Hati Senang

Suluk dalam Pandangan Ibnu Taimiyah – Unsur-unsur Tarekat – Sabil-us-Salikin

Sabīl-us-Sālikīn – Jalan Para Sālik Ensiklopedi Tharīqah/Tashawwuf   Tim Penyusun: Santri Mbah KH. Munawir Kertosono Nganjuk Santri KH. Sholeh Bahruddin Sengonagung Purwosari Pasuruan   Penerbit: Pondok Pesantren NGALAH

Sulūk dalam Pandangan Ibnu Taimiyah

 

Ibnu Taimiyah yang selama ini dituding sebagai anti tharīqah ternyata justru sangat mendukung sulūk sebagai unsur fundamental dalam tharīqah. Dalam kaitan ini ia menegaskan dalam Majmū‘ al-Fatāwā-nya: “Sulūk adalah menempuh jalan yang diperintahkan Allāh dan Rasūl-Nya berupa realisasi akidah, ibadah, dan akhlak”.

Semua ini sangat jelas dalam ibadah al-Qur’ān dan Sunnah, karena sulūk menempati posisi makanan yang merupakan keharusan bagi orang mu’min. Oleh karena itu, semua sahabat mengenal sulūk dengan petunjuk al-Qur’ān dan Sunnah dan sekaligus dari penyampaian Rasūl sendiri; mereka dalam hal itu tidak membutuhkan ahli-ahli fiqih dari kalangan sahabat, dan mereka pun dalam hal itu tidak pernah saling bertentangan satu sama lain, sebagaimana mereka saling bertentangan dalam kasus-kasus fiqih yang pengetahuan tentang kasus-kasus ini tertutup bagi kebanyakan sahabat, sehingga mereka berbicara dalam fatwa-fatwa yang diminta oleh suatu kelompok dalam kasus-kasus itu.

Adapun (suluk) yang dilakukan oleh orang yang hendak mendekatkan diri kepada Allāh s.w.t. dengan mengintensifkan ibadah yang diwajibkan dan ibadah yang disunnahkan, maka masing-masing dari mereka berpedoman kepada al-Qur’ān dan Sunnah, dan jika salah seorang dari mereka dalam hal itu berbicara dengan perkataan yang tidak ia sandarkan kepada dirinya sendiri, maka perkataan itu atau maknanya disandarkan kepada Allāh dan Rasūl-Nya. Kadang-kadang di antara mereka ada yang mengucapkan kata-kata hikmah, dan hal itu ternyata berasal dari Nabi s.a.w. sendiri. Ini sama dengan kata-kata hikmah, yang dikatakan orang dalam menafsirkan firman Allāh nūrun ‘alā nūrin (cahaya di atas cahaya), (Majmū’ al-Fatāwā, juz 19, halaman: 273).

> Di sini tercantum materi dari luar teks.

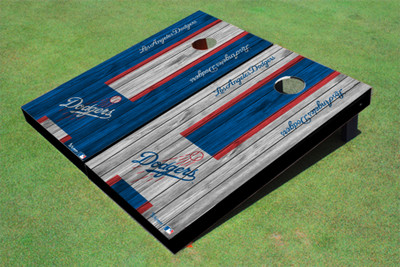Los Angeles Dodgers Ball Alternating Wood Look Long Stripe Custom Cornhole Boards Los Angeles Dodgers Ball Alternating Wood Look Long Stripe Custom Cornhole Boards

Lebih jauh Ibn Taimiyah menegaskan bahwa masalah sulūk merupakan bagian dari masalah akidah yang semuanya ditetapkan dalam al-Qur’ān dan Sunnah sehingga tidak layak dipertentangkan: “Masalah sulūk merupakan salah satu jenis masalah akidah; semuanya ditetapkan dalam al-Qur’ān dan Sunnah. Mereka (para sahabat) tidak pernah saling bertentangan dalam masalah akidah dan tidak pula dalam masalah tharīqah (jalan) menuju Allāh yang dengannya seseorang dapat menjadi salah seorang wali dari wali-wali Allāh yang abrār “bebas dari noda durhaka” dan muqarrabīn, “didekatkan kepada Allāh”.

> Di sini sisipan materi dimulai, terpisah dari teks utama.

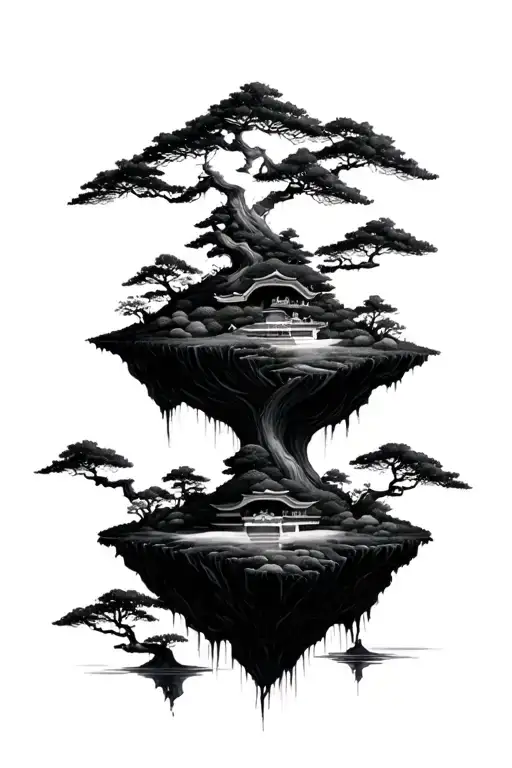 multiple floating islands that have bits of a japanese zen garden on it - Variation 2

Oleh karena itu, syaikh-syaikh tharīqah sufi jika memerlukan rujukan dalam perkara-perkara syariat seperti yang berkenaan dengan nikah, warisan, bersuci, sujud sahwi, dan yang semacamnya, akan mengikuti (taqlīd) ahli-ahli fiqih…berijtihad. Dan barang siapa di antara mereka mengikuti Rasūl, maka ia benar, dan barang siapa menyimpang dari Rasūl, maka ia salah”. (Majmū’ al-Fatāwā, juz 19, halaman: 274).

Jadi, dalam pandangan Ibn Taimiyah, sebuah pandangan yang sangat ideal, sulūk merupakan masalah akidah sehingga tidak dapat didekati dengan pendekatan fikih, atau merupakan realisasi konkret dari tashawwuf yang oleh Imām Muḥammad Ibn Aḥmad bin Jazī al-Kalabī al-Gharnathī disebut sebagai fikih batin, (al-Qawānin al-Fiqhiyyah li Ibn Jazī, halaman: 277).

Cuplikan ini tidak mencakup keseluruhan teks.